EXERCISE: Look at the data below and print exactly the lines from its first line through the line with "Stretched White Blank"; the pictures stay out of the copy.
___ INPUT RECORDS ___
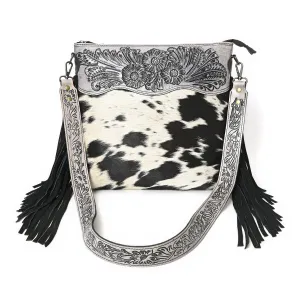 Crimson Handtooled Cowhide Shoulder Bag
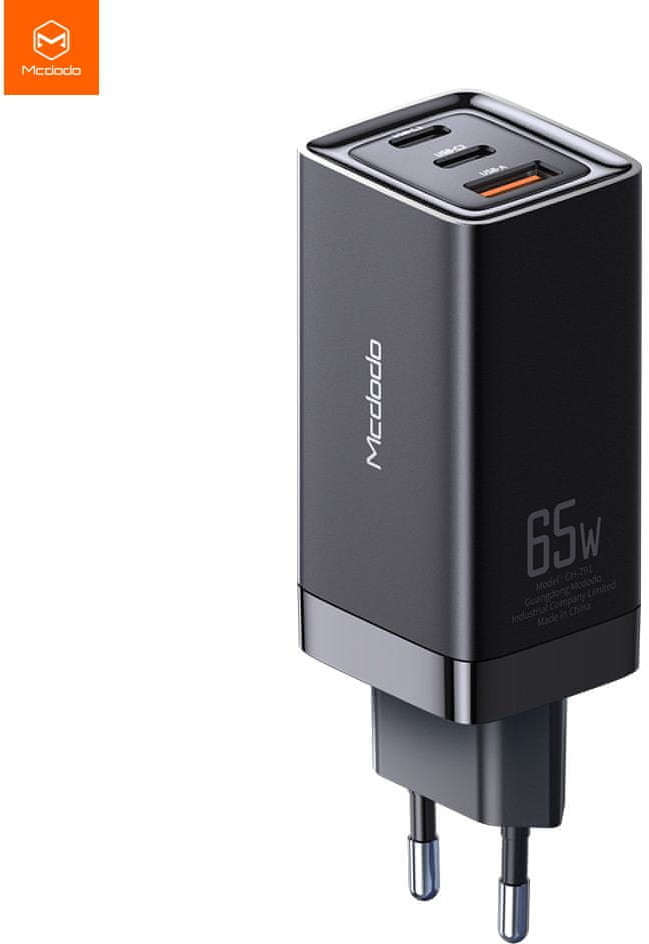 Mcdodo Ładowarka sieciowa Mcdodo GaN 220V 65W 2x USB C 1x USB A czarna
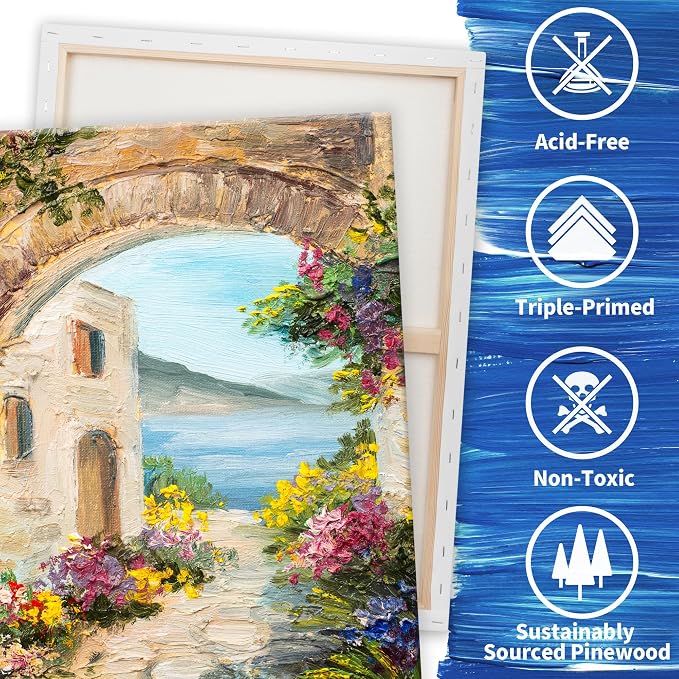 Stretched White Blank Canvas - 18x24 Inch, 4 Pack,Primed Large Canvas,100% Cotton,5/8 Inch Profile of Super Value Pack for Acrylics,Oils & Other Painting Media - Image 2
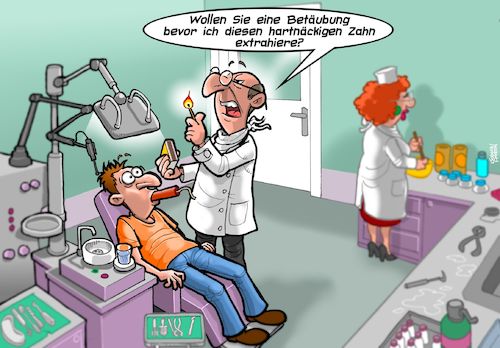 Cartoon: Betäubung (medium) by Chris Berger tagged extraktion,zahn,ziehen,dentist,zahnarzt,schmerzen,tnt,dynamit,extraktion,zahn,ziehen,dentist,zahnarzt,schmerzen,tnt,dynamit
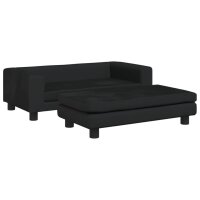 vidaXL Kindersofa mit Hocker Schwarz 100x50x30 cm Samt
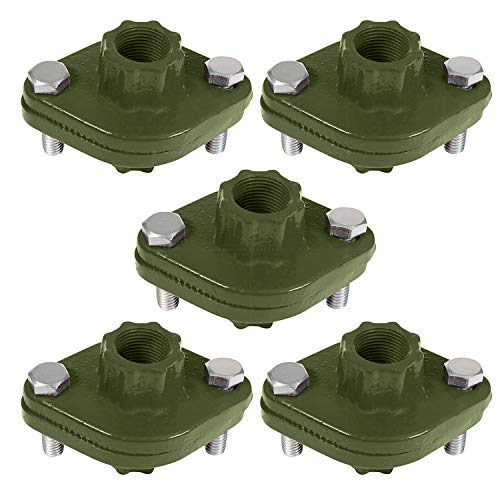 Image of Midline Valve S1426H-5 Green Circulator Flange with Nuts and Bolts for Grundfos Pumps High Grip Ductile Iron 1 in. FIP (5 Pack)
___
SOLUTION TO THE EXERCISE:
 Crimson Handtooled Cowhide Shoulder Bag
 Mcdodo Ładowarka sieciowa Mcdodo GaN 220V 65W 2x USB C 1x USB A czarna
 Stretched White Blank Canvas - 18x24 Inch, 4 Pack,Primed Large Canvas,100% Cotton,5/8 Inch Profile of Super Value Pack for Acrylics,Oils & Other Painting Media - Image 2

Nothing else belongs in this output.